Desapareceu, aos 93 anos, uma figura com expressão na canção e no cinema que foi mais do que um mero ícone ou caso de sucesso. Foi uma musa capaz de inspirar e seduzir poetas, cineastas e músicos. A sua obra em disco merecia, contudo, maior visibilidade no presente. Texto: Nuno Galopim

Era a última das vozes de um tempo que deu à canção o fulgor das palavras de grandes poetas em língua francesa. De facto a sua voz, mas também o seu corpo, tornaram vivas (e suas) ideias, olhares, sonhos e desejos. A personalidade vincada no canto e nos gestos, a atitude de entrega a uma vida de boémia que ganhou forma em volta de Saint Germain des Près depois do fim da guerra (e que fez daquela zona de Paris um polo de agitação de toda uma cultura que depois se deu a ler, ver e escutar ao mundo) tornou-a mais do que apenas um caso de sucesso na canção. Juliette Gréco foi ícone. Foi musa. Inspirou intelectuais, autores. Inspirou os Beatles. Apaixonou Miles Davies. Cativou compositores, poetas e realizadores de cinema. Era um símbolo de um tempo e de uma ideia. Desapareceu aos 93 anos. E deixa uma vasta obra que o tempo não poderá erodir.
Nascida em Montpellier em 1927 com traços mediterrânicos no rosto (filha de um pai corso e com uma história de família com ascendência grega) viveu, com pai ausente, entre os avós e mãe até aos dias em que, durante a ocupação nazi (com a família claramente ligada a ações da resistência), deu por si numa prisão alemã, na qual ficou sozinha depois de a mãe e irmã terem sido deportadas para um campo de concentração. Rumou a Paris no fim da guerra e foi ali que transitou de um sonho de infância em ser bailarina para um outro tipo de relacionamento com os palcos: a poesia ia ser a sua voz. Começou por lê-la antes de a tornar corpo de canção.
Sartre foi dos primeiros a notá-la. E num 78 rotações de 1950 ouvimo-la a dar voz a uma canção que brotou do seu Rue des Blancs Manteux. Aos discos, que foram surgindo com regularidade nos anos 50, juntaram-se os filmes. Jean Cocteau chamou-a a Ofreu. Na verdade já pisara antes os palcos do teatro (desde 1946) e tivera primeiros papéis em finais dos anos 40 em filmes de Louis Daquin ou Alexadre Asturc. Mas é depois da colaboração com Cocteau que a vemos no cinema de Renoir ou Melville, antes de rumar a Hollywood para filmar com Otto Preminger, John Houston ou Richard Fleischer.

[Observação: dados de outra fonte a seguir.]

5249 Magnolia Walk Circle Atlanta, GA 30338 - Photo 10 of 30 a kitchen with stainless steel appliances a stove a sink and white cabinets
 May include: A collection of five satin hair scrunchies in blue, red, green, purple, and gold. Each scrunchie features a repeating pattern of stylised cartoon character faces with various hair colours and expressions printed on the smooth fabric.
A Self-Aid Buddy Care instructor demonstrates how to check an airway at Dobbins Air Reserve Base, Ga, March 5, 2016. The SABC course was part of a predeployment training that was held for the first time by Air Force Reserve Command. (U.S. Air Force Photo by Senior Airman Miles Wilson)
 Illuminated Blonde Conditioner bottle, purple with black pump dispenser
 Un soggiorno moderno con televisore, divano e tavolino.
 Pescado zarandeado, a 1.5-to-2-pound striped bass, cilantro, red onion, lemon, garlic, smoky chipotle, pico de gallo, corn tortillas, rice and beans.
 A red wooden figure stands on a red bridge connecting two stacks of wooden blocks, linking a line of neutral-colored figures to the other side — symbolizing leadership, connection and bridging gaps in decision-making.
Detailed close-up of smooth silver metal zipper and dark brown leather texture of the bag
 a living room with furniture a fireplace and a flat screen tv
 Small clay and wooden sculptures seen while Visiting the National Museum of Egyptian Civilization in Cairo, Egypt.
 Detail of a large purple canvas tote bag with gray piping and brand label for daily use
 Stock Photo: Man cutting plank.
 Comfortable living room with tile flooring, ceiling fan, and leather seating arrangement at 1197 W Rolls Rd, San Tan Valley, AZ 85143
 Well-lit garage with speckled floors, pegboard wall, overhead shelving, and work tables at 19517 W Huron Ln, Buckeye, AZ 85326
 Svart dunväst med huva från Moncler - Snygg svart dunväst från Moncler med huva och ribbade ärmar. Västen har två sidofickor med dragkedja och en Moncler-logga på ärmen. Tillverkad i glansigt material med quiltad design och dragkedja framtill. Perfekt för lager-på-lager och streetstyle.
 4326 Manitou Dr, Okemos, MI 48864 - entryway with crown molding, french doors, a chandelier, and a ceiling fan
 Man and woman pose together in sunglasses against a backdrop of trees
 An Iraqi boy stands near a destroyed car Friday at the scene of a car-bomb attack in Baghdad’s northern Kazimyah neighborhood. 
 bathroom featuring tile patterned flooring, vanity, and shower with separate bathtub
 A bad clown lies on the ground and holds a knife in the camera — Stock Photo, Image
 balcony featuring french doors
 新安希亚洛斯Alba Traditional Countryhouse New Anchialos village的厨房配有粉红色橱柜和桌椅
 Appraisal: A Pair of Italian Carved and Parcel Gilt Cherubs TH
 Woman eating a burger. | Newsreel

Se o cinema partilhou com os discos (e os palcos) as suas maiores atenções nos anos 50, depois de 60 é na música que concentra atenções. É contudo entre os títulos que regista entre essas duas décadas, que vinca a carga única de uma voz e uma forma de cantar que torna suas as interpretações de canções de Trenet, Brel, Gainsbourg, Ferré ou Brassens, entre outros mais, cimentando um lugar na história da chanson que a acolhe, intérprete, entre um mundo de autores. É certo que a sua obra não se esgota aí. E mesmo conhecendo depois uma progressiva desaceleração no ritmo das gravações, edições e digressões, não deixa de se manter ativa até que a saúde a obriga a retirar em 2015, partindo uma última vez para a estrada com uma tour na qual agradeceu toda a atenção que os anos lhe souberam dar.